What the task requires – Please restate, word for word, the lines below that begin at the one with "Woman wearing a" and end at the one with "dining room with". Leave out all other lines.

Exercise data Block Start

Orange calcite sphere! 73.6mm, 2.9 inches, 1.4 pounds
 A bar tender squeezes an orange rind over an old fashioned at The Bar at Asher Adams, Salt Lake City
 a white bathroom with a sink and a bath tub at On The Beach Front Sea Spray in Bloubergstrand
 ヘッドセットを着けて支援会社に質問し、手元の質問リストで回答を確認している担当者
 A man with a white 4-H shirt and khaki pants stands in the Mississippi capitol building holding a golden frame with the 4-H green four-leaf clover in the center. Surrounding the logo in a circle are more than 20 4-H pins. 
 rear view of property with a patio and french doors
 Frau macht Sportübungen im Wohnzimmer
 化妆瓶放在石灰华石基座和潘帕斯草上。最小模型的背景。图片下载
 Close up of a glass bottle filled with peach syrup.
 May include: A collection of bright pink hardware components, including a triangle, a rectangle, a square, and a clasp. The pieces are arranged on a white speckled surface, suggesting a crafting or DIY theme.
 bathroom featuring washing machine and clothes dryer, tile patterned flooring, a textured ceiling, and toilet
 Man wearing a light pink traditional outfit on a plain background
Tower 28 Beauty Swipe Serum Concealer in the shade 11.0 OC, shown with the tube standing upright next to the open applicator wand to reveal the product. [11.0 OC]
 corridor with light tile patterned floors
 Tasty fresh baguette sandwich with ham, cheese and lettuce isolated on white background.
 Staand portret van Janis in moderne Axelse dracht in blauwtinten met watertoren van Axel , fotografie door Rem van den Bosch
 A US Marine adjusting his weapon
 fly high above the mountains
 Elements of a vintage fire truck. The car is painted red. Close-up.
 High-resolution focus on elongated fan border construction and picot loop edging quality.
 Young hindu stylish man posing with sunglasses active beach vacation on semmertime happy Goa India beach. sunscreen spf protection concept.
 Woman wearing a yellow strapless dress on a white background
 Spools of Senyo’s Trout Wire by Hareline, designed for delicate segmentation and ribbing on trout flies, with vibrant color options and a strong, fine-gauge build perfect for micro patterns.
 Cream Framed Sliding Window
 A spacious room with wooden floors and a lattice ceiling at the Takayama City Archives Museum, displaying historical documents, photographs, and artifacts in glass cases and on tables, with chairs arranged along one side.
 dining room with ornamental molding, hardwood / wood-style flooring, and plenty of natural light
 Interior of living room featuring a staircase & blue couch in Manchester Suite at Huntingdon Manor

Exercise data Block End

Task output –
 Woman wearing a yellow strapless dress on a white background
 Spools of Senyo’s Trout Wire by Hareline, designed for delicate segmentation and ribbing on trout flies, with vibrant color options and a strong, fine-gauge build perfect for micro patterns.
 Cream Framed Sliding Window
 A spacious room with wooden floors and a lattice ceiling at the Takayama City Archives Museum, displaying historical documents, photographs, and artifacts in glass cases and on tables, with chairs arranged along one side.
 dining room with ornamental molding, hardwood / wood-style flooring, and plenty of natural light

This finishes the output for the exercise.